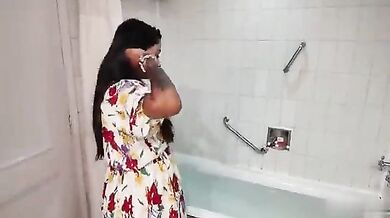 Pehle bathroom mein nahayi fir lund par chadhayi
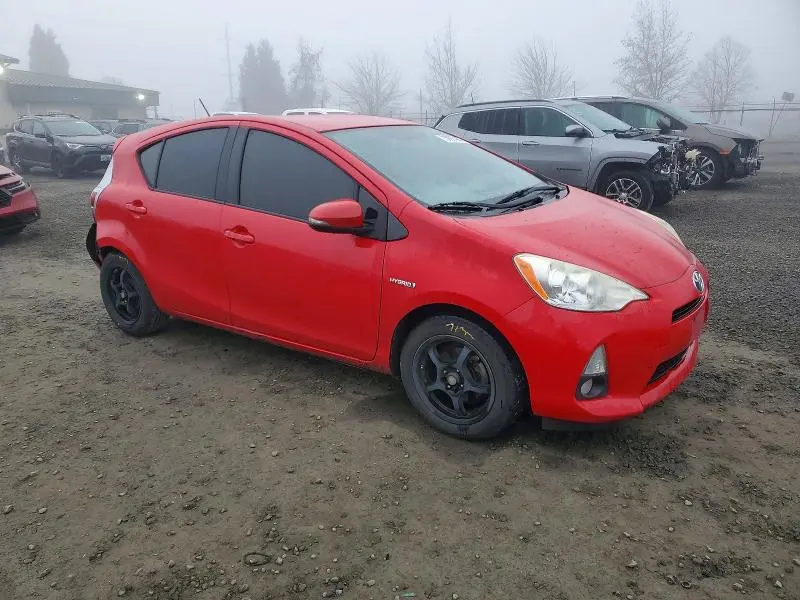 2013 TOYOTA PRIUS C   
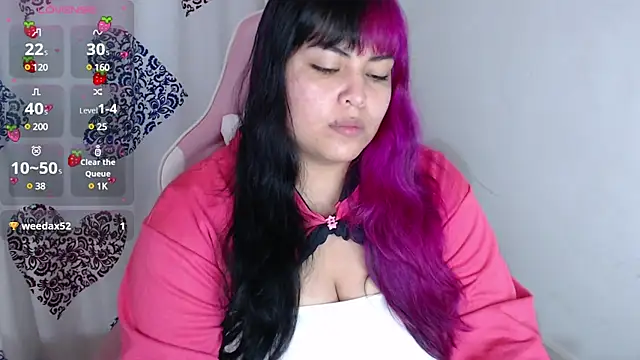 Snapshot of Pinky-Flower chatting on February 12, 2025, 11:30 pm Pinky-Flower online show from February 12, 2025, 11:30 pm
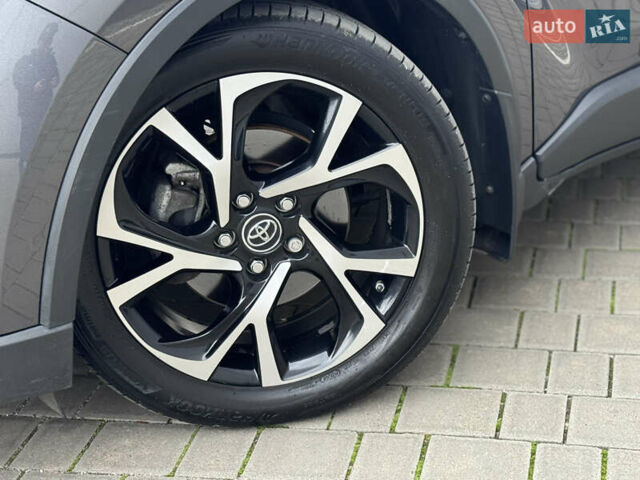 Серый Тойота C-HR, объемом двигателя 1.99 л и пробегом 136 тыс. км за 19300 $, фото 5 на Automoto.ua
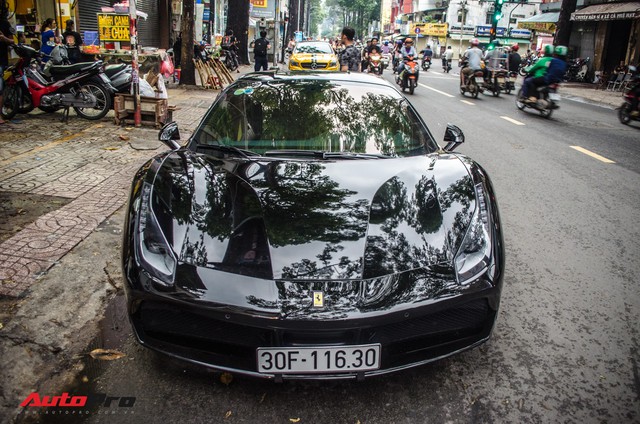 Ferrari 488 GTB màu đen biển số Hà Nội di cư vào Sài Gòn dự hành trình Tây Nguyên - Ảnh 8.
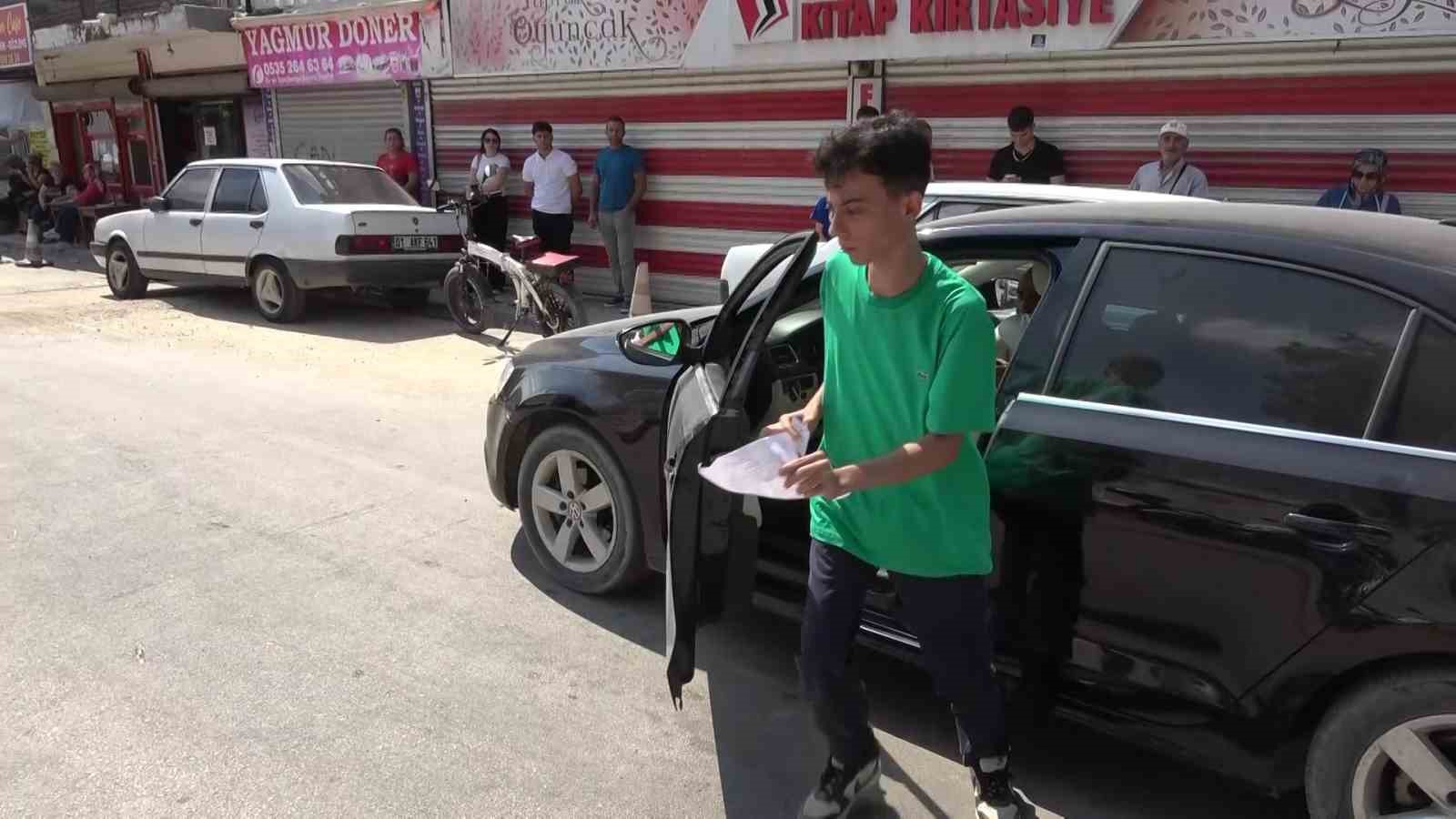 Sınava 1 dakika kala yetişti, aracının el frenini çekmeden araçtan fırlayıp okula koştu 5 sinava 1 dakika kala yetisti aracinin el frenini cekmeden aractan firlayip okula kostu 1 vnAC1zVj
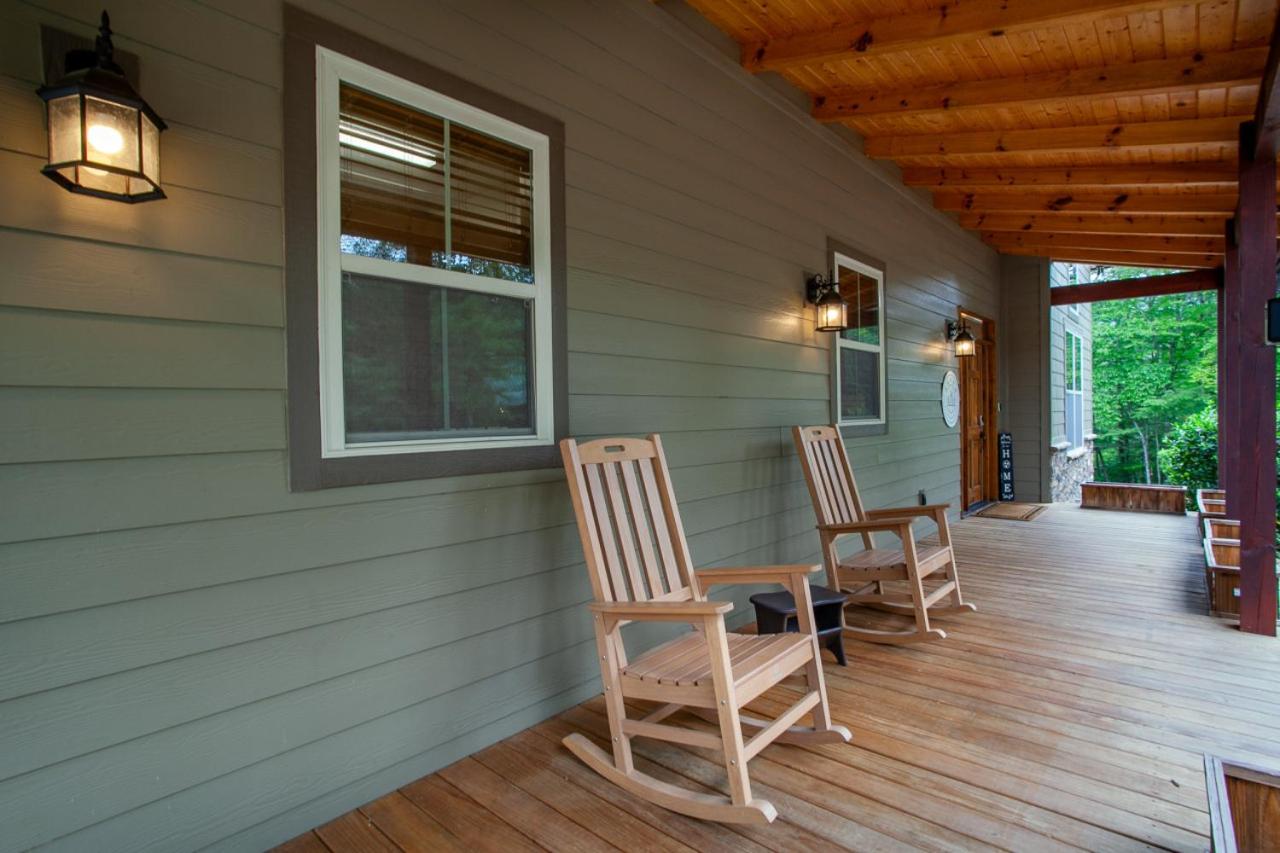 The Peaceful Perch Fireplace Community Amenities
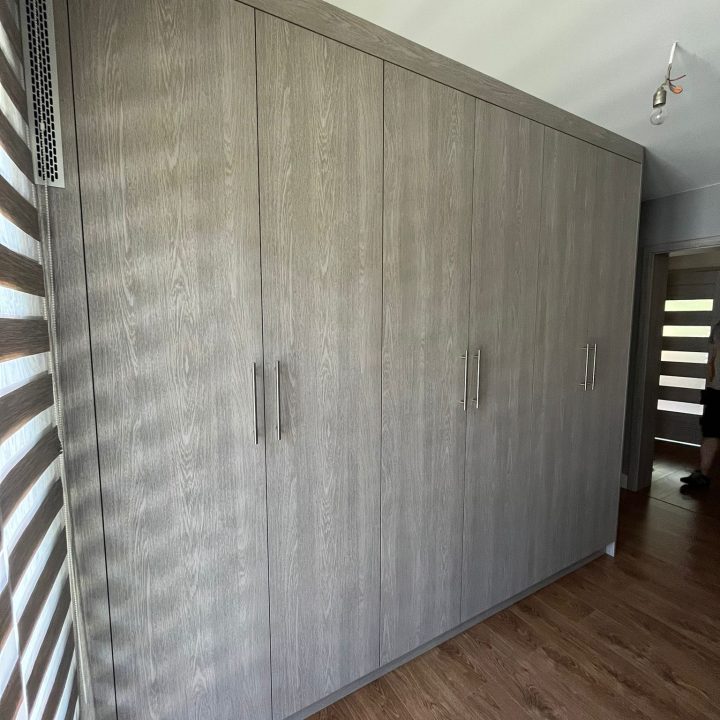 Meble na wymiar do małych przestrzeni – zabudowa łazienki, szafy i komody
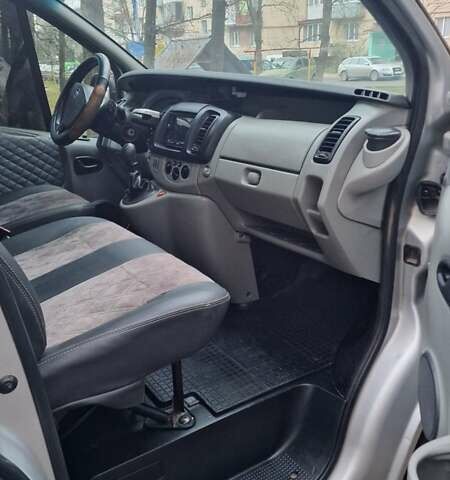 Серый Ниссан Примастар, объемом двигателя 2 л и пробегом 293 тыс. км за 9800 $, фото 18 на Automoto.ua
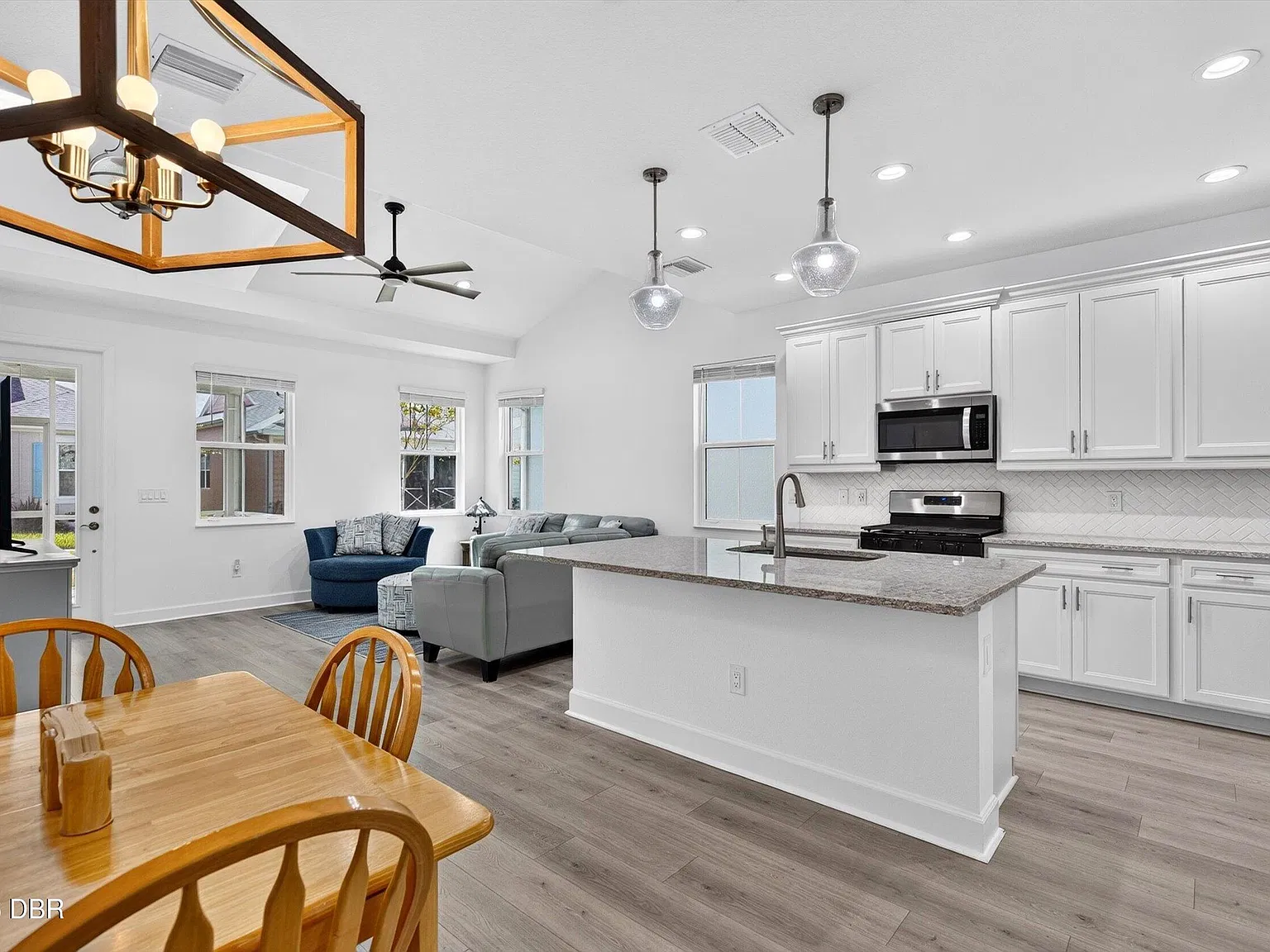 2 bed, 2.0 bath, 1160 sqft, $2,400 — Photo 3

_Problem to work on_:
Beginning at the line that holds "Sınava 1 dakika" and ending with the last line of the entries, please set down each line exactly, leaving every picture out.

_Result of the exercise_:
 Sınava 1 dakika kala yetişti, aracının el frenini çekmeden araçtan fırlayıp okula koştu 5 sinava 1 dakika kala yetisti aracinin el frenini cekmeden aractan firlayip okula kostu 1 vnAC1zVj
 The Peaceful Perch Fireplace Community Amenities
 Meble na wymiar do małych przestrzeni – zabudowa łazienki, szafy i komody
 Серый Ниссан Примастар, объемом двигателя 2 л и пробегом 293 тыс. км за 9800 $, фото 18 на Automoto.ua
 2 bed, 2.0 bath, 1160 sqft, $2,400 — Photo 3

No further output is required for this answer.